→ Records shown
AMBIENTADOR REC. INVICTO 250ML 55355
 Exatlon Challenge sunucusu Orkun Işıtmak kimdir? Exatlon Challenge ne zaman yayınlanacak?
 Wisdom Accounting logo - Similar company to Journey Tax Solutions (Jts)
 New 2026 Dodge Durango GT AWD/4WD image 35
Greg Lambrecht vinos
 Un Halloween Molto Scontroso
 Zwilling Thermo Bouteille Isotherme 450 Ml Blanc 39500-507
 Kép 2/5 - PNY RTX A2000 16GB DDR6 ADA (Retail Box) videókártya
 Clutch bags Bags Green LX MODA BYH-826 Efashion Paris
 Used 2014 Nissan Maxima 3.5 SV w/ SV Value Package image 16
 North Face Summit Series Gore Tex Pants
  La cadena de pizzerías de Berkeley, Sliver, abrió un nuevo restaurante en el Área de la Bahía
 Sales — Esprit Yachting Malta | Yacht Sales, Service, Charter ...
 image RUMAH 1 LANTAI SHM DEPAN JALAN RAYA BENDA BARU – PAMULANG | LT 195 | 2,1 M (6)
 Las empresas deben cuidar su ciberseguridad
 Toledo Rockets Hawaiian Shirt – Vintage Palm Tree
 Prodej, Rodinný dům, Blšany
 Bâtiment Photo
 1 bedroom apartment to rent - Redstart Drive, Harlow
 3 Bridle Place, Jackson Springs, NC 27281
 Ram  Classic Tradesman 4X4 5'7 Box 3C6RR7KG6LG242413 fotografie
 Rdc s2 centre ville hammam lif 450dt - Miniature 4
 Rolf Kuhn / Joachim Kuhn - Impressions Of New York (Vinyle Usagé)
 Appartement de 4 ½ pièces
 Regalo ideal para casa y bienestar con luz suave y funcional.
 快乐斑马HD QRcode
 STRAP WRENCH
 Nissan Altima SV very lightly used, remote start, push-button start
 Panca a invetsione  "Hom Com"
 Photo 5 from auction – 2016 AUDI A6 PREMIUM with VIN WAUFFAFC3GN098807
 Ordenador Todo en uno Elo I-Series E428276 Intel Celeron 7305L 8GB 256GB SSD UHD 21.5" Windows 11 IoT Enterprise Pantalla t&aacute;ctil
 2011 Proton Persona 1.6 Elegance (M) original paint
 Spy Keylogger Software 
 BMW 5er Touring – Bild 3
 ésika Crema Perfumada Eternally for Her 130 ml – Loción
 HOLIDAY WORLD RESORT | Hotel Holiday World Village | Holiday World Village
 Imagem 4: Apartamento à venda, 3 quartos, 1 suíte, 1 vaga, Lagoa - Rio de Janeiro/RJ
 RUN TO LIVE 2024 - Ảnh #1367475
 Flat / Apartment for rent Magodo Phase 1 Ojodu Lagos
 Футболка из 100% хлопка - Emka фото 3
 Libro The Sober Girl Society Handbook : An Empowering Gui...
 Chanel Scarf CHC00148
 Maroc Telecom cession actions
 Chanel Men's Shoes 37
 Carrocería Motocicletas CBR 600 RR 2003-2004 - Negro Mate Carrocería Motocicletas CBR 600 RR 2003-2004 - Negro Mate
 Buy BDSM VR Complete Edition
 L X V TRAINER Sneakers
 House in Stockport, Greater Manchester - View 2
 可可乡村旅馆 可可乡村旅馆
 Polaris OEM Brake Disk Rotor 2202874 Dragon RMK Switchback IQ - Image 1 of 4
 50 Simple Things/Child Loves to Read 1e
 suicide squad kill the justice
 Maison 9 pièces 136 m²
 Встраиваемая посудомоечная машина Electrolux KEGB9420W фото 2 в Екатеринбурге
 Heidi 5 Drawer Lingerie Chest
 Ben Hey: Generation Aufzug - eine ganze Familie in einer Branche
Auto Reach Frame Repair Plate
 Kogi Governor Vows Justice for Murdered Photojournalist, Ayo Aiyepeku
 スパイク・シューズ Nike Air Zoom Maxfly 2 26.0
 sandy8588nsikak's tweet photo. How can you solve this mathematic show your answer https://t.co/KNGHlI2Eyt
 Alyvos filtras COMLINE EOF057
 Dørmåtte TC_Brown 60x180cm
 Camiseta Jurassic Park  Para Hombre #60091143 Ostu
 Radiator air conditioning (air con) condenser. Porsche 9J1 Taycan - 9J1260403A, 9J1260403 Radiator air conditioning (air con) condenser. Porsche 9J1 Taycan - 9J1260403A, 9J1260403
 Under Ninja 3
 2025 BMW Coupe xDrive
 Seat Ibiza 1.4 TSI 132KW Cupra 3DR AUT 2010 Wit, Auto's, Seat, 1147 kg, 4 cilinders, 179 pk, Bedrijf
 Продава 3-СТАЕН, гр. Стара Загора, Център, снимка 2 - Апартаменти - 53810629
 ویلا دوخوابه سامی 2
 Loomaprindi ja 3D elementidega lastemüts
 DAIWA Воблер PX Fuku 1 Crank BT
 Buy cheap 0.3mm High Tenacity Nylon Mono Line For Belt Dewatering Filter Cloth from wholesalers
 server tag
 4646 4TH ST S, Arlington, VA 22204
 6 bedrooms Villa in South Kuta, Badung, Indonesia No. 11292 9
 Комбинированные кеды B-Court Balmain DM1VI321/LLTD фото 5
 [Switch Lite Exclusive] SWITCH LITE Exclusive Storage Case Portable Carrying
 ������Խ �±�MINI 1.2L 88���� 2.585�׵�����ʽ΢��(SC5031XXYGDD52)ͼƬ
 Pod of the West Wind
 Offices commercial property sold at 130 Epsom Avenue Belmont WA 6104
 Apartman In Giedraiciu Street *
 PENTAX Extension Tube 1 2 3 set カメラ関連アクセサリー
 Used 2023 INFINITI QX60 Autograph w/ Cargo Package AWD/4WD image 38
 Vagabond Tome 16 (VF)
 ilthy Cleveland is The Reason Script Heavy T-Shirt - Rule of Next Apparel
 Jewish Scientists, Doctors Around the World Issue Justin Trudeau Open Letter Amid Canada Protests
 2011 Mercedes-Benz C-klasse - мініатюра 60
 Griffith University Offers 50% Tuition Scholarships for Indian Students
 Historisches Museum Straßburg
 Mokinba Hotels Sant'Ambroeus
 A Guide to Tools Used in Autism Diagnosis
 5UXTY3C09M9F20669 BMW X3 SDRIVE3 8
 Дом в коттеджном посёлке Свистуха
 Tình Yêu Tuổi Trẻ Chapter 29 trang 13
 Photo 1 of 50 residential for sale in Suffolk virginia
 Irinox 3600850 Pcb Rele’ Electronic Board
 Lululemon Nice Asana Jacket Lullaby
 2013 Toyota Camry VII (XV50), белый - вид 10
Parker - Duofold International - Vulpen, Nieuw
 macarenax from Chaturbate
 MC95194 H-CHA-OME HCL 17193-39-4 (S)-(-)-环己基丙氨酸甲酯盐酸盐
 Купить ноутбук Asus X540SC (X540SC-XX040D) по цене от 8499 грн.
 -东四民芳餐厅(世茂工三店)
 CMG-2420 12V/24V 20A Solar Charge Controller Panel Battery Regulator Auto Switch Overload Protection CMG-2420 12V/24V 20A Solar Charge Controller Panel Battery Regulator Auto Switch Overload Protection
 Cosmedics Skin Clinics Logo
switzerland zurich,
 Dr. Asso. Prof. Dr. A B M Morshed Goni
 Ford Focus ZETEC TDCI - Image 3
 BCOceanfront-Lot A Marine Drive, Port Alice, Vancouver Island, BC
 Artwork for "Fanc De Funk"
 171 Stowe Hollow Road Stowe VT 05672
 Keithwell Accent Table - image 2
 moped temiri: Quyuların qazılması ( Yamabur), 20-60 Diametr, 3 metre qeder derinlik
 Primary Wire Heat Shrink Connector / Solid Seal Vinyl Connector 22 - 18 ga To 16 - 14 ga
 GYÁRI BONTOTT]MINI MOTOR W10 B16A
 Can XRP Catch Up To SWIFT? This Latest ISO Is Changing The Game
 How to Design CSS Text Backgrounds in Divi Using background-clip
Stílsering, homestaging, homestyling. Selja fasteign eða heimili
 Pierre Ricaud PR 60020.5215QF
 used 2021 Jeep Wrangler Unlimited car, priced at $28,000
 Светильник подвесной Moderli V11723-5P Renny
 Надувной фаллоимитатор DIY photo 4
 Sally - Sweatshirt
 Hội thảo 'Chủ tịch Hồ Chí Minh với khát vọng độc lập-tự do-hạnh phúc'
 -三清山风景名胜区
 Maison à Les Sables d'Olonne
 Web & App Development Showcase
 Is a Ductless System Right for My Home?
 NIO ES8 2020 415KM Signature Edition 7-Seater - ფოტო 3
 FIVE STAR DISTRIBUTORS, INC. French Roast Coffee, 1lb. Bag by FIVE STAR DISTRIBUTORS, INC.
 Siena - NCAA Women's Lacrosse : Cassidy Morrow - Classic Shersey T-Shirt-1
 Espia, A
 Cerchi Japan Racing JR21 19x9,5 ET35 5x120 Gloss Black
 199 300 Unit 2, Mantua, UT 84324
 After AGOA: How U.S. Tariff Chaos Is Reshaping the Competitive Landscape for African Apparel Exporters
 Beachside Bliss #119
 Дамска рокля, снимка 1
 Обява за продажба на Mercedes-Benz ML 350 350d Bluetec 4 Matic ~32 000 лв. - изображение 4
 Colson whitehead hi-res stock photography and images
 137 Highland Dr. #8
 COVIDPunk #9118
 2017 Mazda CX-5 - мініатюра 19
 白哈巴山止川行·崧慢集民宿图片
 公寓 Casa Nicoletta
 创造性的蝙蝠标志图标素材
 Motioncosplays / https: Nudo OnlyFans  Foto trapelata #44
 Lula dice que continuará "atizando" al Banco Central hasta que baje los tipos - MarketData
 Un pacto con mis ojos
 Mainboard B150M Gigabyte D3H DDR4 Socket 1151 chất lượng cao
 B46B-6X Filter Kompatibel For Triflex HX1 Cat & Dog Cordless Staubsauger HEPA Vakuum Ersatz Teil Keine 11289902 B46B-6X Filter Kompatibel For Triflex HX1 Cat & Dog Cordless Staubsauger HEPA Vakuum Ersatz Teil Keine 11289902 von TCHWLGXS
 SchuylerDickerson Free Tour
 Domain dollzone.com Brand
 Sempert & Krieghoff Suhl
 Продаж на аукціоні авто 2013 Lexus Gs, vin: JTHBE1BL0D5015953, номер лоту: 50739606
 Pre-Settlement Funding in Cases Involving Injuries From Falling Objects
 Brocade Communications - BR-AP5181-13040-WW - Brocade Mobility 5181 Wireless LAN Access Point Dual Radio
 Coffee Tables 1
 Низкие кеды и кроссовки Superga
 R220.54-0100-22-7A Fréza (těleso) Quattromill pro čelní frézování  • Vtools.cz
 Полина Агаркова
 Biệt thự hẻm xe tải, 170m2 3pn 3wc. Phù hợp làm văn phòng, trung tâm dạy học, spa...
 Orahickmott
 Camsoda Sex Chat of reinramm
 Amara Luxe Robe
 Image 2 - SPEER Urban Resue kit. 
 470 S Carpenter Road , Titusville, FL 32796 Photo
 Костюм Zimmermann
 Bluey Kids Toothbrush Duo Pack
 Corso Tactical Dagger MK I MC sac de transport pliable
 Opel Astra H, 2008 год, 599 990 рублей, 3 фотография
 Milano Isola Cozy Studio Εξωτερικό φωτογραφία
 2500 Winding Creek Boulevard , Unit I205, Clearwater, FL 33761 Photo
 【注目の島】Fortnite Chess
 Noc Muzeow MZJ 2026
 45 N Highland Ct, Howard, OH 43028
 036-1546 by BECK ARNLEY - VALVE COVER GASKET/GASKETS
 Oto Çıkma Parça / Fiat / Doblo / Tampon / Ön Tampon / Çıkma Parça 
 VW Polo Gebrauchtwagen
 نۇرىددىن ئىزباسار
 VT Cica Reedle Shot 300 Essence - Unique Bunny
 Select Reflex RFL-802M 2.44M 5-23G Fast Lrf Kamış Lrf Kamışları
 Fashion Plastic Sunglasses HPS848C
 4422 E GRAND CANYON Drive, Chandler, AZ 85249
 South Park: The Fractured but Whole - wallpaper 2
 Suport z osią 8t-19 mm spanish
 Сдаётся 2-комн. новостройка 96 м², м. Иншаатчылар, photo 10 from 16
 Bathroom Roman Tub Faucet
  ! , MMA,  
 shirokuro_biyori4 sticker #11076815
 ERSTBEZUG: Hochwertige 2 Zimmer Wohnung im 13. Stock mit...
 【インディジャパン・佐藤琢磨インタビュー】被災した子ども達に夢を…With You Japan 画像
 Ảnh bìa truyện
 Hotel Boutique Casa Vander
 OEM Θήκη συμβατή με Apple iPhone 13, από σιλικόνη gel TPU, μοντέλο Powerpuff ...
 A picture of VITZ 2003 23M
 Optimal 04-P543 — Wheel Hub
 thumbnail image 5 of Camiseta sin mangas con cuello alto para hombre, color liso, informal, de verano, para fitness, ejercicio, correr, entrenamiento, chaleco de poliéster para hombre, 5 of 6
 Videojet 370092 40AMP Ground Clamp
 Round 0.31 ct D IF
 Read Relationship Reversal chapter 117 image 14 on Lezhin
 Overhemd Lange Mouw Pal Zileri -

→ What needs to be done
Your task for the entries above: copy exactly the span starting with the line with "Historisches Museum Straßburg" and going on through the line with "GYÁRI BONTOTT]MINI MOTOR W10 B16A", both lines included, and nothing else.

→ Response
 Historisches Museum Straßburg
 Mokinba Hotels Sant'Ambroeus
 A Guide to Tools Used in Autism Diagnosis
 5UXTY3C09M9F20669 BMW X3 SDRIVE3 8
 Дом в коттеджном посёлке Свистуха
 Tình Yêu Tuổi Trẻ Chapter 29 trang 13
 Photo 1 of 50 residential for sale in Suffolk virginia
 Irinox 3600850 Pcb Rele’ Electronic Board
 Lululemon Nice Asana Jacket Lullaby
 2013 Toyota Camry VII (XV50), белый - вид 10
Parker - Duofold International - Vulpen, Nieuw
 macarenax from Chaturbate
 MC95194 H-CHA-OME HCL 17193-39-4 (S)-(-)-环己基丙氨酸甲酯盐酸盐
 Купить ноутбук Asus X540SC (X540SC-XX040D) по цене от 8499 грн.
 -东四民芳餐厅(世茂工三店)
 CMG-2420 12V/24V 20A Solar Charge Controller Panel Battery Regulator Auto Switch Overload Protection CMG-2420 12V/24V 20A Solar Charge Controller Panel Battery Regulator Auto Switch Overload Protection
 Cosmedics Skin Clinics Logo
switzerland zurich,
 Dr. Asso. Prof. Dr. A B M Morshed Goni
 Ford Focus ZETEC TDCI - Image 3
 BCOceanfront-Lot A Marine Drive, Port Alice, Vancouver Island, BC
 Artwork for "Fanc De Funk"
 171 Stowe Hollow Road Stowe VT 05672
 Keithwell Accent Table - image 2
 moped temiri: Quyuların qazılması ( Yamabur), 20-60 Diametr, 3 metre qeder derinlik
 Primary Wire Heat Shrink Connector / Solid Seal Vinyl Connector 22 - 18 ga To 16 - 14 ga
 GYÁRI BONTOTT]MINI MOTOR W10 B16A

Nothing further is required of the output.